(Records drawn from a dataset)
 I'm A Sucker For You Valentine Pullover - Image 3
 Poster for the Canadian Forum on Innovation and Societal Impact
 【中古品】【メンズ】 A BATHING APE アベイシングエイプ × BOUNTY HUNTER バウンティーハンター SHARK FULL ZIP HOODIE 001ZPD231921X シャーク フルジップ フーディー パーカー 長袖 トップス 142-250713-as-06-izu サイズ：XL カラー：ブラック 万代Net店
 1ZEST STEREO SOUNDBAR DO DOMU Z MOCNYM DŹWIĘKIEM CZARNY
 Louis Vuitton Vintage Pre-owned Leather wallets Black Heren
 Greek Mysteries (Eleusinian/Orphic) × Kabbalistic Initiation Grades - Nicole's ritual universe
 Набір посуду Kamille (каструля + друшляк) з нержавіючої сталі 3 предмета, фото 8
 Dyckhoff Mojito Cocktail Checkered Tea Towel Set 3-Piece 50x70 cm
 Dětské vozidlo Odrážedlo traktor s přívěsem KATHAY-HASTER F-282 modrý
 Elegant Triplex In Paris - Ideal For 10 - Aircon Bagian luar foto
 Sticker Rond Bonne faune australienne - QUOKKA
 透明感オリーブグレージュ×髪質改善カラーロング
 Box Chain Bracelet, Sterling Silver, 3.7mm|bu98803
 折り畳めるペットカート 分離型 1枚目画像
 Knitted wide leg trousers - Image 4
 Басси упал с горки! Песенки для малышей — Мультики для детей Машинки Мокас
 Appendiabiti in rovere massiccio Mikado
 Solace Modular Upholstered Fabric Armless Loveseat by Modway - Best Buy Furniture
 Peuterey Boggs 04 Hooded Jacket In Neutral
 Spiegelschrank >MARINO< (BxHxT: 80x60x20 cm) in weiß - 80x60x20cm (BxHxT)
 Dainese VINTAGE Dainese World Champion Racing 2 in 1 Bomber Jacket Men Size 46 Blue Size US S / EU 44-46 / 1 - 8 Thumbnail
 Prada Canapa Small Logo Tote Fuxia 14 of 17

Problem details: What belongs in the answer is each line of the data that has the word "Image".

Written response:
 I'm A Sucker For You Valentine Pullover - Image 3
 Knitted wide leg trousers - Image 4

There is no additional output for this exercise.